§ **Exercise data**

%%

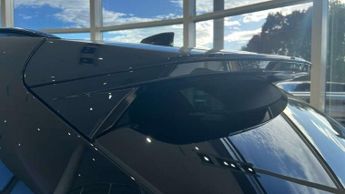 Jaguar F-Pace 2.0 D200 R-Dynamic HSE Black 5dr Auto AWD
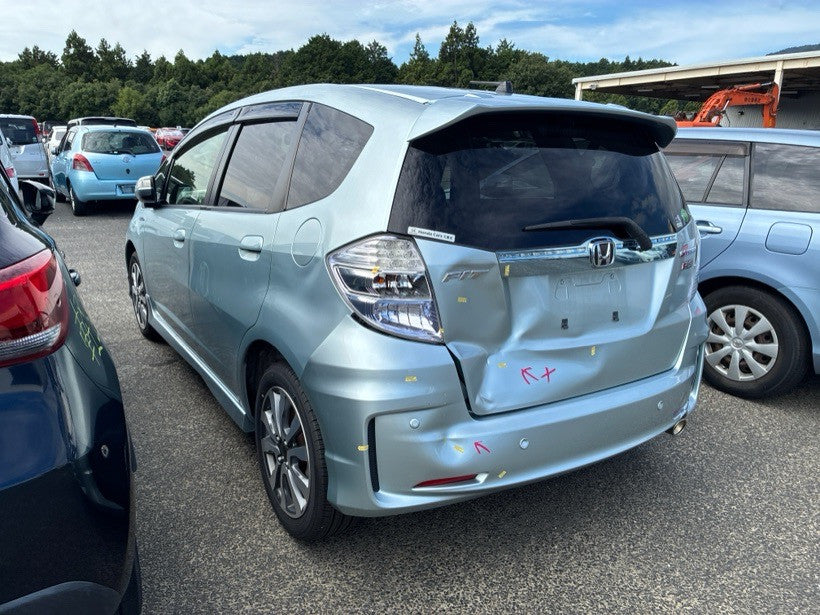 [CHOOSE PARTS] HONDA FIT HYBRID GP4 2013 LEA FF AT 2WD #0401000000873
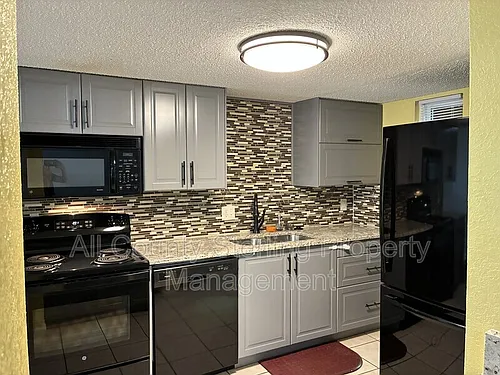 1810 NW 23rd Blvd Photo 1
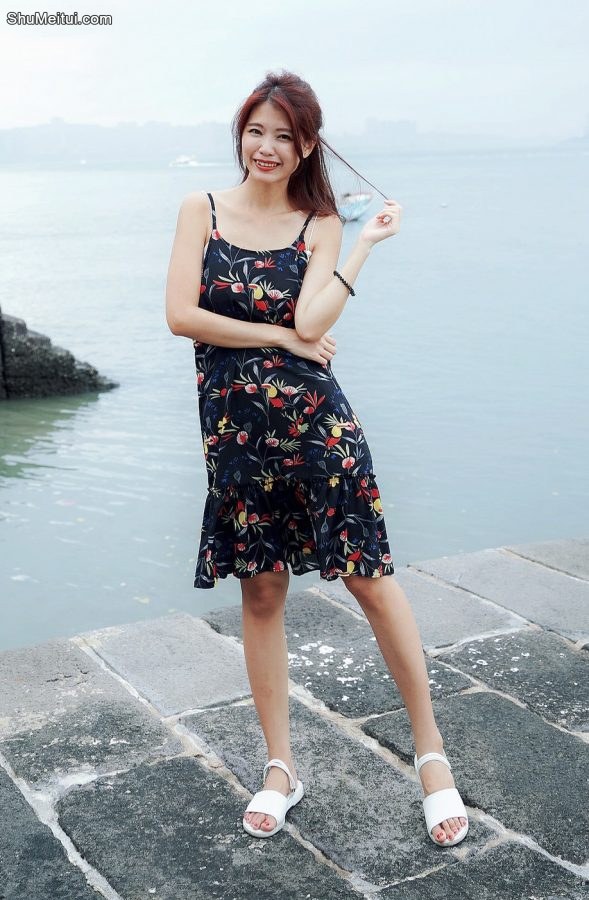 人妻CC姐海岸边拍照片脚趾涂了红色指甲油[第37张/共50张]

%%

From the first line to the last, copy the listing above exactly, dropping all images.

§ **Answer to this problem**
 Jaguar F-Pace 2.0 D200 R-Dynamic HSE Black 5dr Auto AWD
 [CHOOSE PARTS] HONDA FIT HYBRID GP4 2013 LEA FF AT 2WD #0401000000873
 1810 NW 23rd Blvd Photo 1
 人妻CC姐海岸边拍照片脚趾涂了红色指甲油[第37张/共50张]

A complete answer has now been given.